A not at all uncomfortable silence follows as my mother fails to find a suitable subgect to change to. It’s not a problem of course. Eugene and his sister Molly have a fondness for my mother that transcends the small social stumbles to which she is occasionally prone.
She’s not from around here.
Rio is a small and very tight-nit farm community. The folks who were born and raised in and around this town of a little over one thousand, are generally friendly but it takes a while for an outsider like my mother to truly fit in. Mom has only lived here about eighteen years.
Today she did pretty well though. She’d remembered not to let slip that she did indeed have a few few ripe tomatoes from her garden. But only a few and they are long gone. We had BLTs made with them for lunch yesterday and oh were they sweet!
Nothing like ripe, garden-fresh tomatoes.
In a town like Rio, you don’t say you have tomatoes unless you have enough to share with your neighbors. Especially neighbors like Eugene and Molly. Mom has been getting her eggs from their farm (they live just a few miles from my sister and her husband) for a long time and they charge exactly $1 for a dozen.
Nothing like nice big, farm-fresh eggs.
Mom and I get out of the car and walk through my sister’s garage. Four boxes of assorted veggies from her garden are on the floor. There are huge heads of cabbage, a few large cucumbers and a zucchini. No squash this time. All four boxes will come back filled with different foodstuffs produced by the family friend at the farm where these are heading. Perhaps they will contain meat, cheese or some assortment of different veggies. I have no idea what, but rest assured it will be good and fresh.

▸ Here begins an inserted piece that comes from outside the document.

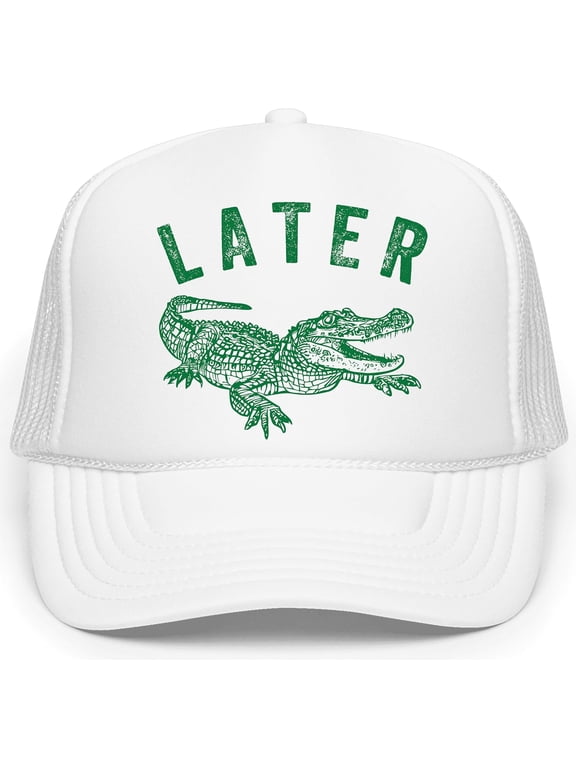 Later Gator Trucker Hat for Men & Women Funny Foam Front Classic 5 Panel Mesh Snapback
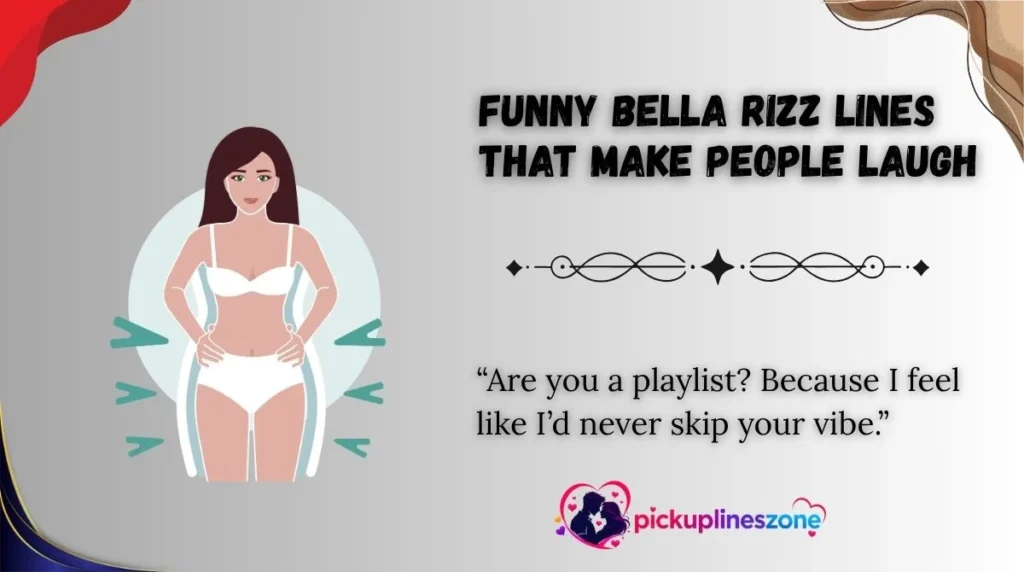 Funny Bella Rizz Lines That Make People Laugh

Nothing like friendly farm families, swapping fresh food.
Tonight Mom and all of her children are together for dinner for the first time since Dad passed… over eight years ago. The food is all farm-fresh and so is the conversation. Especially once Stacy’s husband joins us. John is a good man, and he’s done very well by my sister, but he has many opinions I find challenging to say the least.
As a family, we all have different opinions of course and we all have our respective challenges in dealing with each other. And like countless others, our family history has been rife with conflict, pain and division that has only been able to be diluted by distance and time. But time and a dogged determination by a few of us, coupled with some noble acquiescence by the rest… has led us here.

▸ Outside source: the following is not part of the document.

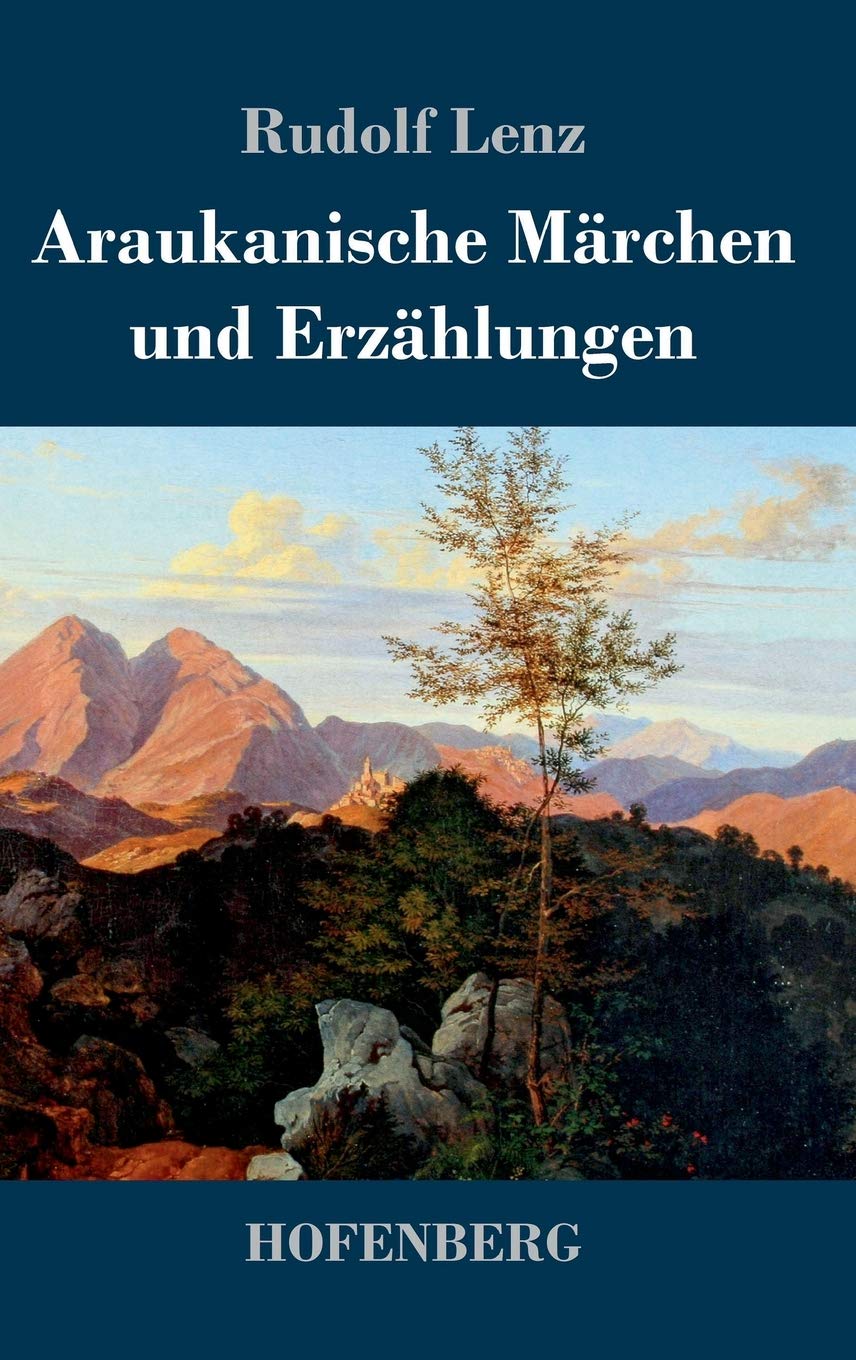 Araukanische Märchen und Erzählungen: Mitgeteilt von Segundo Jara (Kalvun) Fairy Tales & Legends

Here and now, our far from perfect family eat and drink and “shoot the shit” (while Clark occasionally shoots a rabbit or two so Stacy’s garden might get some respite from their ravaging) and we dare discuss that which has devided us. That which still disturbs us, challenges us and demands that we be “on our best behavior” while still showing up as our authentic selves.
We part company for the evening, feeling so very full. Filled with all that farm-freash food and with all those family-filled feelings. Tomorrow the feelings will continue to be expressed. The family will continue to find ways to deepen our connection and the food will continue to be fine… and farm-fresh.